Dalam sebuah wawancara dengan CNN Indonesia, Menteri Pendidikan dan Kebudayaan, Nadiem Makarim, mengungkapkan rencana untuk memperkenalkan kurikulum baru di sekolah-sekolah Indonesia. Kurikulum baru tersebut akan fokus pada pengembangan keterampilan dan karakter siswa agar lebih siap menghadapi tantangan di era digital saat ini.
“Nanti akan ada kompetensi tambahan yang tidak hanya akademis, tapi juga karakter, keterampilan, dan pengetahuan tambahan yang relevan dengan tuntutan dunia kerja,” kata Nadiem dalam wawancara tersebut.
Kurikulum baru ini rencananya akan mulai diterapkan pada tahun ajaran 2022/2023. Nadiem menegaskan bahwa pihaknya saat ini sedang melakukan uji coba dan kajian mendalam untuk memastikan kesesuaian kurikulum baru dengan kebutuhan siswa dan masyarakat.
“Kami tidak ingin terburu-buru dalam mengubah kurikulum. Yang penting adalah memastikan bahwa kurikulum baru ini benar-benar memberikan manfaat yang optimal bagi siswa,” ujar Nadiem.

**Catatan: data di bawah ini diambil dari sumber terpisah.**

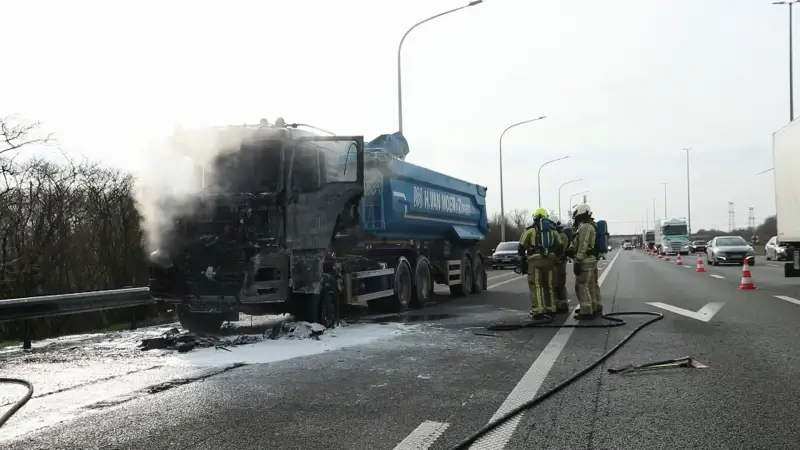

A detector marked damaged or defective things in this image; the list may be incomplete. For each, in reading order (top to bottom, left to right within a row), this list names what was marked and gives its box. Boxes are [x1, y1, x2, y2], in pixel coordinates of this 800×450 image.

Selain itu, Nadiem juga menambahkan bahwa pihaknya akan terus berkomunikasi dengan berbagai pihak terkait, termasuk orang tua siswa, guru, dan pakar pendidikan, dalam proses pengembangan kurikulum baru ini.
“Kami sangat terbuka untuk menerima masukan dan saran dari semua pihak demi meningkatkan kualitas pendidikan di Indonesia,” tutur Nadiem.
Pengumuman tentang kurikulum baru ini pun mendapatkan beragam tanggapan dari masyarakat. Sebagian menyambut baik langkah tersebut, namun ada juga yang masih meragukan efektivitas dari perubahan kurikulum tersebut.
Sementara itu, Nadiem menegaskan bahwa pihaknya akan terus melakukan evaluasi dan pemantauan terhadap implementasi kurikulum baru tersebut untuk memastikan bahwa tujuan dari perubahan kurikulum dapat tercapai dengan baik.